4. Dropbox Sign — $100 at 5 users ($20/user/mo)
Formerly HelloSign. Dropbox Sign’s Essentials plan is $20/user/month billed monthly (checked May 2026) — the $15/user rate you’ll see quoted is annual-commit. The signing experience is smooth, the interface is minimal and well-designed, and it plays nicely with Google Workspace and Dropbox. At $20/user it actually costs more than DocuSign on the entry tier; the case for it is workflow fit, not price.
5. PandaDoc — $175 at 5 users ($35/user/mo)
PandaDoc’s Starter plan (formerly called Essentials) is $35/user/month billed monthly (checked May 2026). It goes well beyond signatures — proposals, quoting, document workflow, the whole stack. If your sales team needs that, PandaDoc pulls its weight. If you just need signatures, you’re paying for a lot of features that’ll sit unused. Their free plan is e-signatures only and pretty limited.
Also worth knowing: Adobe Acrobat Sign
Adobe Acrobat Sign is bundled into Adobe’s Acrobat for teams plans. Acrobat Pro for teams runs about $24/user/month billed monthly (checked May 2026), so per-seat math is roughly DocuSign-shaped, but you get the full PDF editing suite alongside the signing tool. Reasonable if you’re already paying for Acrobat; expensive if you just need signatures.
What to actually look for
Picking an e-signature tool isn’t complicated, but a few things trip people up.
A tool that costs $5/user/month still costs $50/month for ten people. Run the numbers at your actual team size instead of comparing per-seat sticker prices. The pricing model matters more than the headline number.
Think about the signer’s experience too. If your clients have to download an app or create an account to sign, some of them just won’t. Look for tools where the signer gets a link and can sign immediately.
Legal compliance is non-negotiable. Your e-signatures need to hold up in the US (ESIGN Act) and Europe (eIDAS). You want audit trails that capture timestamps and IP addresses, plus a completion certificate attached to the finished document. All five tools on this list meet that bar.
Don’t overbuy. If you need a full document workflow with proposals, CRM integration, and analytics, PandaDoc is probably your match. If you need signatures on contracts and nothing else, you don’t need to pay for all that.
Our take
The existing options felt built for someone else. We wanted a tool where a small business owner could sign up, upload a contract, and have it signed by the end of the day, without doing seat math or calling a sales rep. So we built one.
If that sounds like what you need, give it a try. The free plan includes 5 documents a month with every feature included, no credit card.
If a different tool on this list fits your situation better, go for it. The important thing is you stop overpaying for something that should be simple.
FAQ
Is DocuSign really too expensive for small businesses?
Depends on team size. At 1 user, DocuSign’s $15/month is competitive. By 5 users you’re paying $75/month for the same core feature Holosign offers at $19 flat. Breakeven sits at 3-4 users.
What is the cheapest DocuSign alternative?
BoldSign has the lowest per-user sticker at $5/month billed monthly, so it wins at 1 user. Past 3-4 users, a flat-rate plan like Holosign ($19/month for unlimited users) is cheaper overall.
What’s a flat-rate alternative to DocuSign?
Holosign is $19/month for unlimited users and unlimited documents.

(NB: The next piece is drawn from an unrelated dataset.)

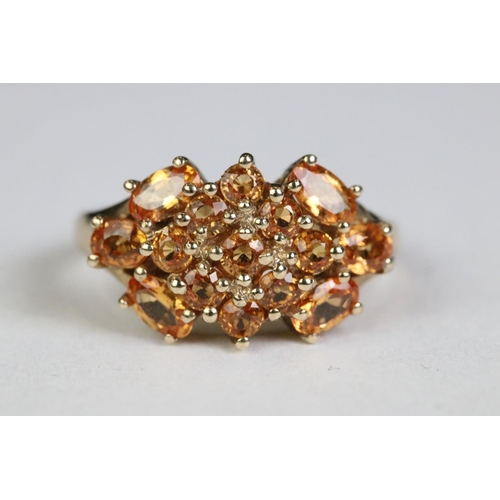 243 - Yellow gold citrine cluster ring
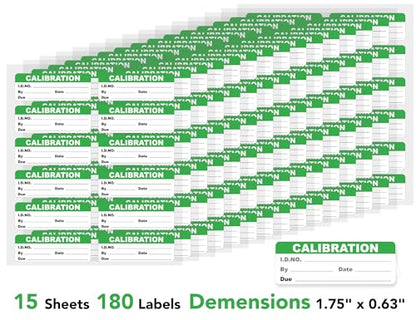 Self-Laminating Calibration Labels, 1.75''×0.63'', Waterproof Indoor/Outdoor Inspection Stickers for Metal & Plastic, Removable Residue-Free Adhesive, NIST/ISO-9000 Compliant, 180-Pack - size: 1.75 X 0.63 Inches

PandaDoc has a free e-signature tier, but its paid plans are per-user. Adobe Sign, Dropbox Sign, and DocuSign itself only sell per-seat.

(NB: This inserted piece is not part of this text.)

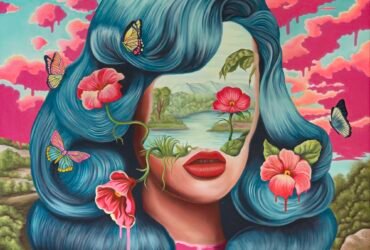 a surreal oil painting of a portrait of a woman with blue hair, a landscape in place of her face, and flowers in her hair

Are cheap e-signature tools legally binding?
Yes, as long as they comply with the ESIGN Act in the US and eIDAS in Europe. All five tools on this list qualify. Legal validity comes from the signing technology and audit trail, not the subscription price.
Can I get unlimited e-signatures for a flat fee?
Holosign offers unlimited documents and unlimited users on the $19/month plan. Other tools usually cap document volume per user or charge per seat, so their ‘unlimited’ means per person, not per company.